Records for the exercise |
= Beginning of Section =

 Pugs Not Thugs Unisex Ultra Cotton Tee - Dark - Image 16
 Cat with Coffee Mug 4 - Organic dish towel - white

= End of Section =
= Beginning of Section =

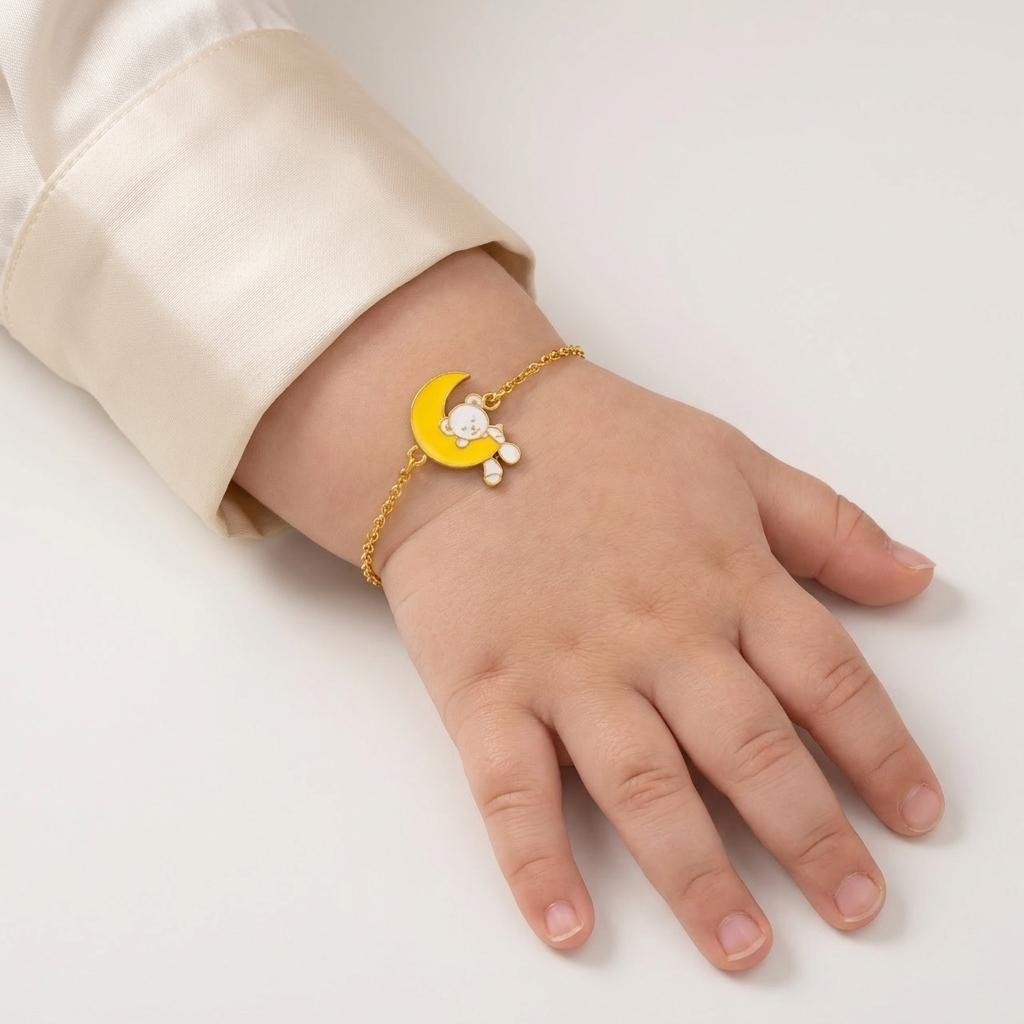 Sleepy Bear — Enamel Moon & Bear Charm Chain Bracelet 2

= End of Section =

Aim of the task |
Above are the records; repeat exactly the lines from the one holding "Pugs Not Thugs" down to the one holding "Cat with Coffee", end lines included.

Output below |
 Pugs Not Thugs Unisex Ultra Cotton Tee - Dark - Image 16
 Cat with Coffee Mug 4 - Organic dish towel - white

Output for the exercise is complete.